Tucker McGraw is a pathetic schlub of a man. Divorced, trapped in an unfulfilling job, and detached from his family; he’s pretty much at the quintessential dead-end. When his father, Webb, a career criminal, takes a job that leaves him—and a whole lot of drugs—missing, Tucker needs to reconnect with his grandfather Calvin. Only problem is, Calvin’s one of the originals, a hell-bent, thrill-loving wheel-man who lives for being an outlaw. There’s also a whole mountain of history between Tucker’s family and the family his father and grandfather worked for, the Stanley clan.

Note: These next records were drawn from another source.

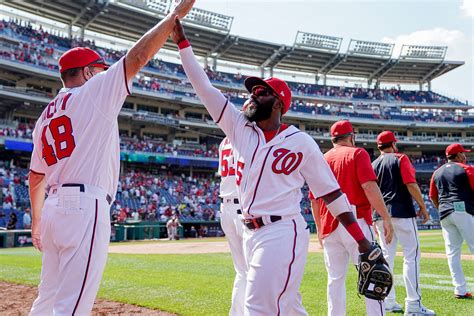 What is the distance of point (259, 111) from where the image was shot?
3064mm

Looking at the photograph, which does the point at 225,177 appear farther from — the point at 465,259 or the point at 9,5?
the point at 9,5

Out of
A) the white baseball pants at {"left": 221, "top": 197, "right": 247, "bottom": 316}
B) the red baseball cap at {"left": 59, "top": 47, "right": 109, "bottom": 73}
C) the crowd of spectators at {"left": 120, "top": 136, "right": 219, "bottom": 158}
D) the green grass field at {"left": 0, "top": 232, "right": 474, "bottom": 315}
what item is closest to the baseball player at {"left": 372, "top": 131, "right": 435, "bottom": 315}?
the green grass field at {"left": 0, "top": 232, "right": 474, "bottom": 315}

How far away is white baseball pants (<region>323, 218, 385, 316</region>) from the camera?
4.09 m

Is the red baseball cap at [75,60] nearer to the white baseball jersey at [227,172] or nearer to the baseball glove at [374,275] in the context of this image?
the white baseball jersey at [227,172]

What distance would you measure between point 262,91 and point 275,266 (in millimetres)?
1193

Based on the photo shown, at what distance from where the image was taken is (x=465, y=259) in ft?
36.2

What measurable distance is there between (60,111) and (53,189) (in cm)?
53

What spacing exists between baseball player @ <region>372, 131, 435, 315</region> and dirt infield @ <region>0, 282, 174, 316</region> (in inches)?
110

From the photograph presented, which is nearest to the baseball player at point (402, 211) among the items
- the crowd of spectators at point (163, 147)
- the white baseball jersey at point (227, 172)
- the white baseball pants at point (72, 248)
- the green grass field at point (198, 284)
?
the green grass field at point (198, 284)

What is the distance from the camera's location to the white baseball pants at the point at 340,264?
4.09m

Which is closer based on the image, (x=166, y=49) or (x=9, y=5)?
(x=9, y=5)

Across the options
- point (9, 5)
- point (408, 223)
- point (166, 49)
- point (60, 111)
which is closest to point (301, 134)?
point (60, 111)

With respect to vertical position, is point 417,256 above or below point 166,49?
below

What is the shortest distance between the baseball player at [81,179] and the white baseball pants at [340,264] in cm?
220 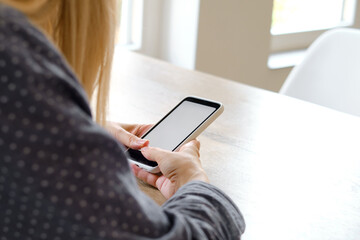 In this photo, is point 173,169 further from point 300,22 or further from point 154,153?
point 300,22

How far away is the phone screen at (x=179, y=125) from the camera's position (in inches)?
37.1

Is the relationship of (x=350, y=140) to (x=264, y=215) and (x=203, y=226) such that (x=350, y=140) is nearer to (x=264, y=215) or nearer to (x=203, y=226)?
(x=264, y=215)

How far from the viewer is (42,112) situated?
0.52 meters

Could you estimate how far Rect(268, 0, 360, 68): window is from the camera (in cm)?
256

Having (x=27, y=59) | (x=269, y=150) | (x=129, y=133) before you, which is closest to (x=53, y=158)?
(x=27, y=59)

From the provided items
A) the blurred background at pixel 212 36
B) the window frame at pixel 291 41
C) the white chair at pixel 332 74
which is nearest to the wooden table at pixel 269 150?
the white chair at pixel 332 74

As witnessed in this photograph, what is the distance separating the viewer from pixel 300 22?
2715mm

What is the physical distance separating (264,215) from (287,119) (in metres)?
0.40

Obviously, nothing is going to go quite right once Cal and Tucker band together to find out what happened to Webb. It doesn’t help when Tucker’s teenage son, Milo, decides to show up uninvited either. There’ll be bloodshed, burnt rubber, and a copious amount of property damage done before Tucker gets all of his answers, including those weighing him down the most—who he is and what he wants to be.
I’ll give Beetner credit for bringing in two opposite ends of the crime protagonist coin with little difficulty. It’s a treat to see the old ways clash with the new ways. Calvin, the bull in the china shop and Tucker, the navel-gazing ‘woe is me’ type. The juxtaposition works and Beetner does a great job giving Tucker and Calvin more than just their own voices—they’re both equally likeable for different reasons. I also enjoy getting a slice of crime fiction that takes place outside of the south or east coast. Middle America deserves just as much grit as all the other popular places. The change in scenery was appreciated.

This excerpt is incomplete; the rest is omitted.